Your Net Worth and why you shouldn’t be afraid of it

“I’m majoring in economics. Actually, I’m majoring in money, anything to do with money. I’ve been attached to money ever since I was a kid. “

~Alex P. Keaton – Family Ties

Alex, fictional as he may be, echoes the sentiments of people around the world; we are attached to money. Let’s face it; money makes the world go round. Having said that, it’s important to remember that money doesn’t have to control us; we can control it.
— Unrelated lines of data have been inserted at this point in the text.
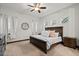 Comfortable bedroom featuring a ceiling fan, multiple windows, and wood trim at 2794 Heron Lakes Pkwy, Berthoud, CO 80513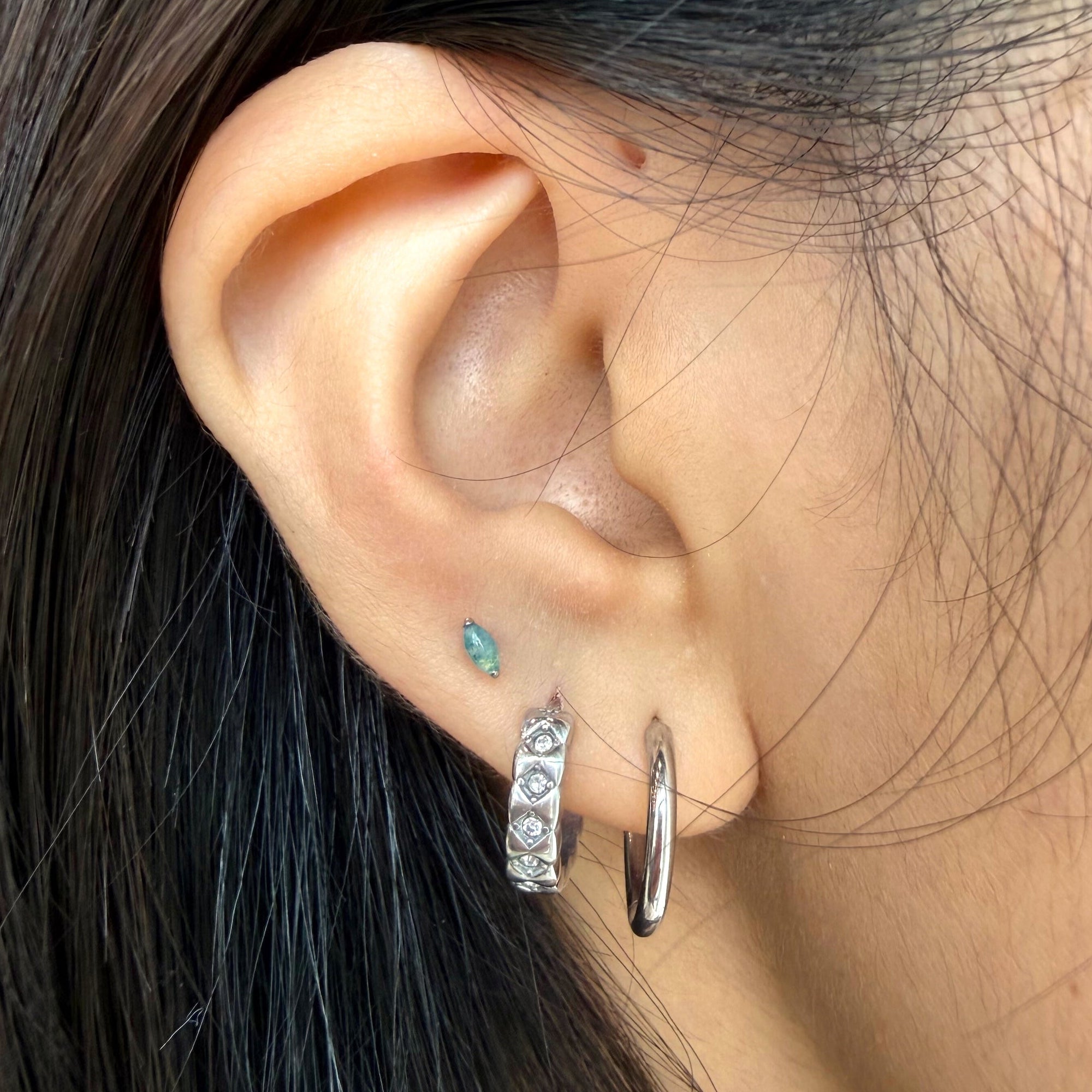Close-up of an ear with multiple earrings against a blurred background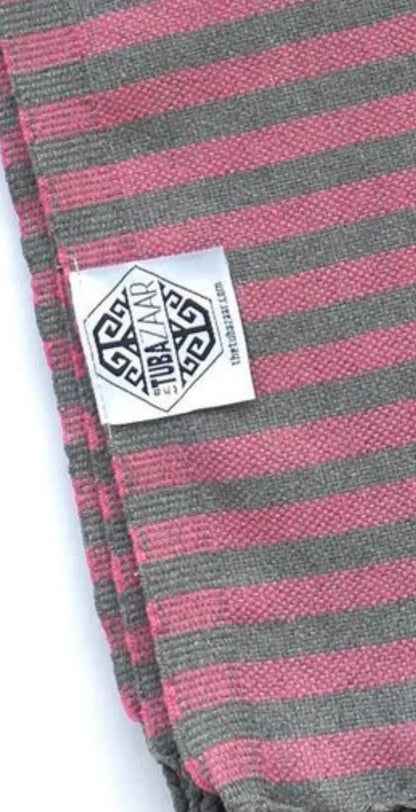"Striped cotton label in pink and gray with a geometric logo, folded corner view on a white background."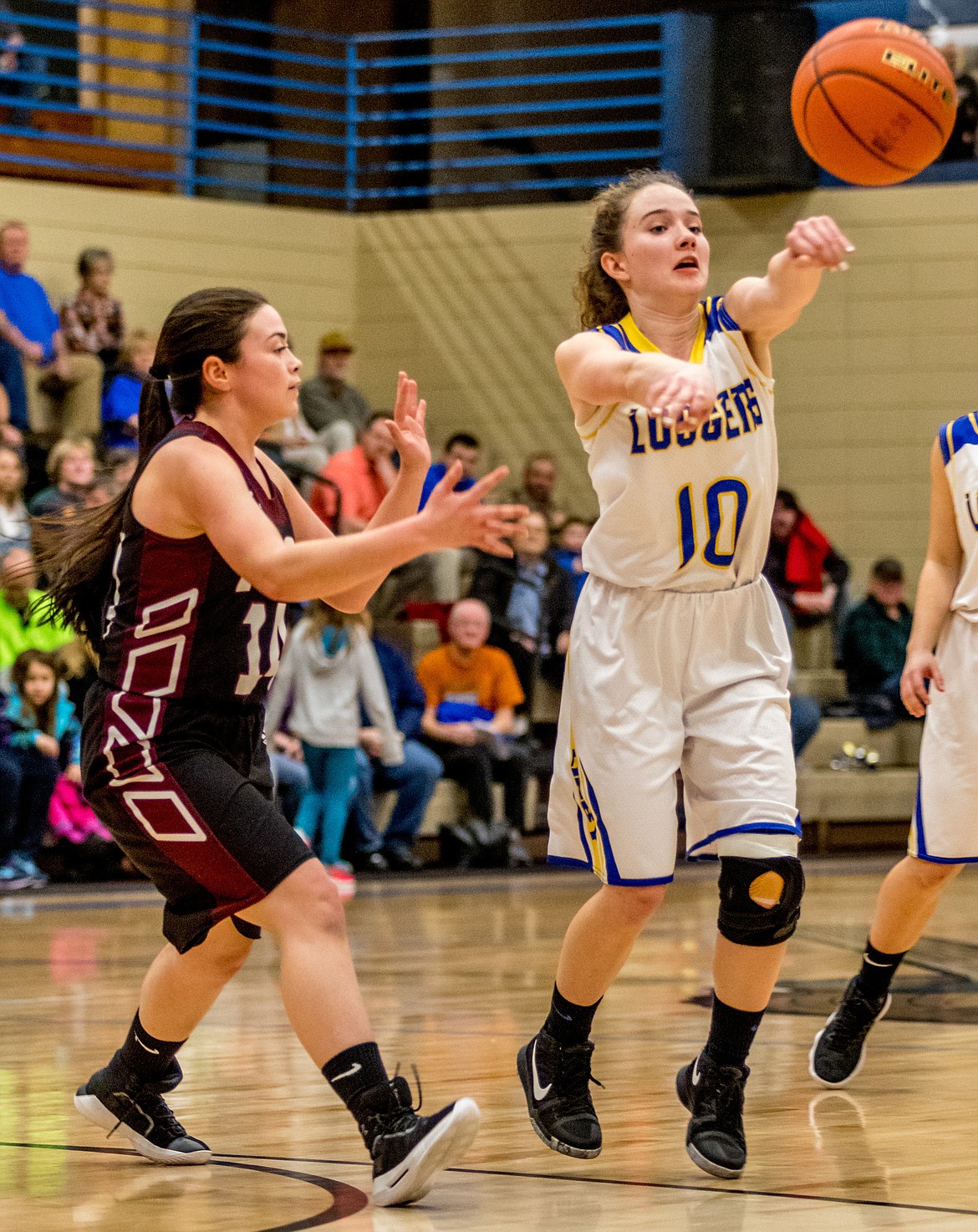 Lady Logger Emma Gruber fires off a pass as Troy&#146;s Emily Ramirez defends Thursday, Jan. 25. (John Blodgett/The Western News)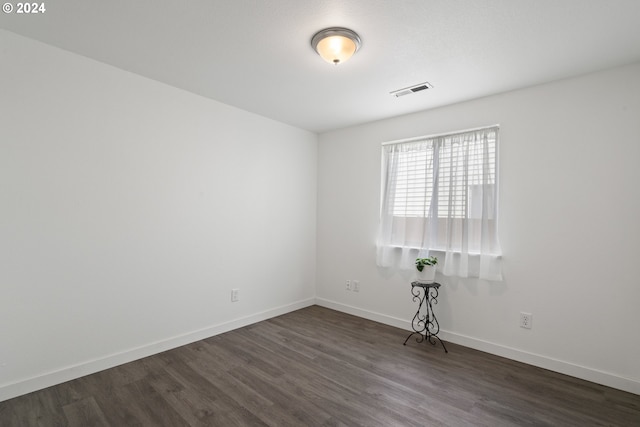 unfurnished room with dark hardwood / wood-style floors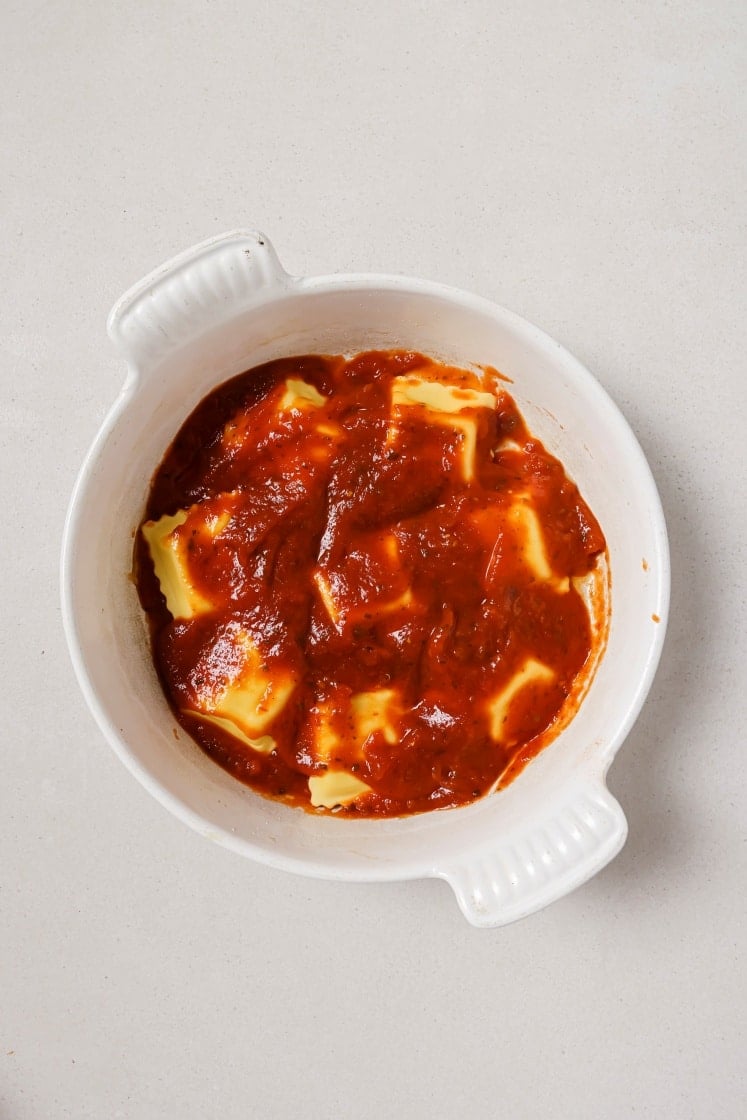 White ceramic dish filled with ravioli covered in tomato sauce on a light surface.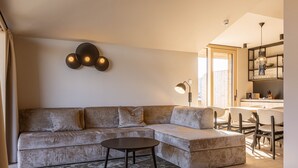 Un salon moderne avec un canapé d’angle, une table basse et un coin repas avec des chaises.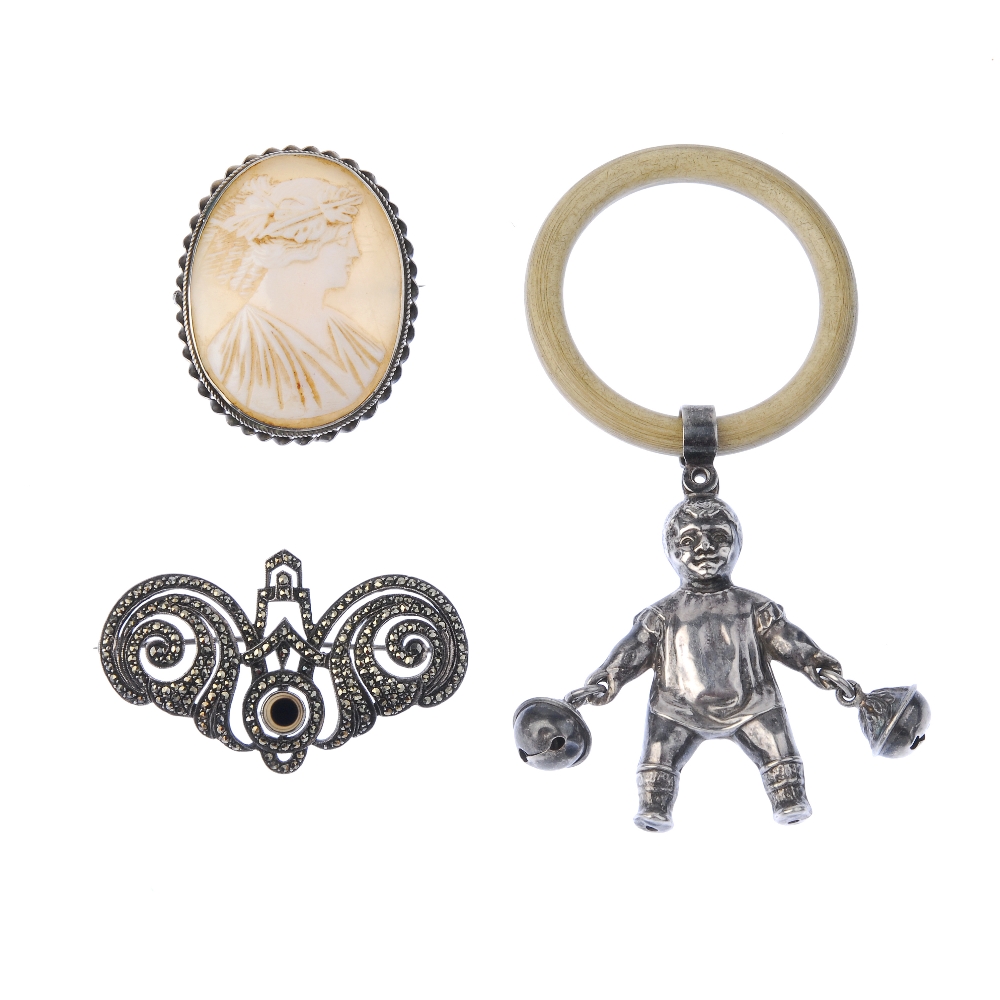 A selection of silver items. To include a child's rattle, designed as a baby carrying a bell in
Think of this lesson as a take back the night, only with your finances.

Where do you start?

With what Gary Keller, author of The Millionaire Real Estate Investor calls your financial scoreboard; a net worth statement.According to Wikipedia.com, net worth “is used to refer to an individual’s net financial position; similarly, it also uses the value of all assets minus the value of liabilities (debt)”.Your net worth statement will track your assets (they increase your net worth) against your liabilities (they decrease net worth).Here’s a simple example:

Assets

401 K $50,000
Money Market Account $100,000
IRA $50,000
Total Assets $200,000

Assets include, but are not limited to things like your real estate, 401K, IRA, Money Market and savings accounts, stocks and bonds,and even your car*

Liabilities

Visa Card $5,000
Car Loan $15,000
Home Loan $100,000
Total Liabilities $120,000

Liabilities are debt; they are the unpaid student loans, credit card balances, loan balances, etc.

Total Net Worth

Total Assets $200,000
Total Liabilities $120,000
Total Net Worth $80,000

Figuring out your net worth is easy, though not always pleasant. When you write everything down, you might find you’re worth more than you thought. Recalculate your net worth statement at least monthly to start. Once you get used to reviewing assets and liabilities, review it quarterly. Do this and you’ll always know where you stand financially.

*Yes, your car is an asset**, although not one that increases in value. In fact, a car’s value typically decreases faster than your loan payments.

**Your car is an asset. The leasing company’s car is not an asset, at least not for you.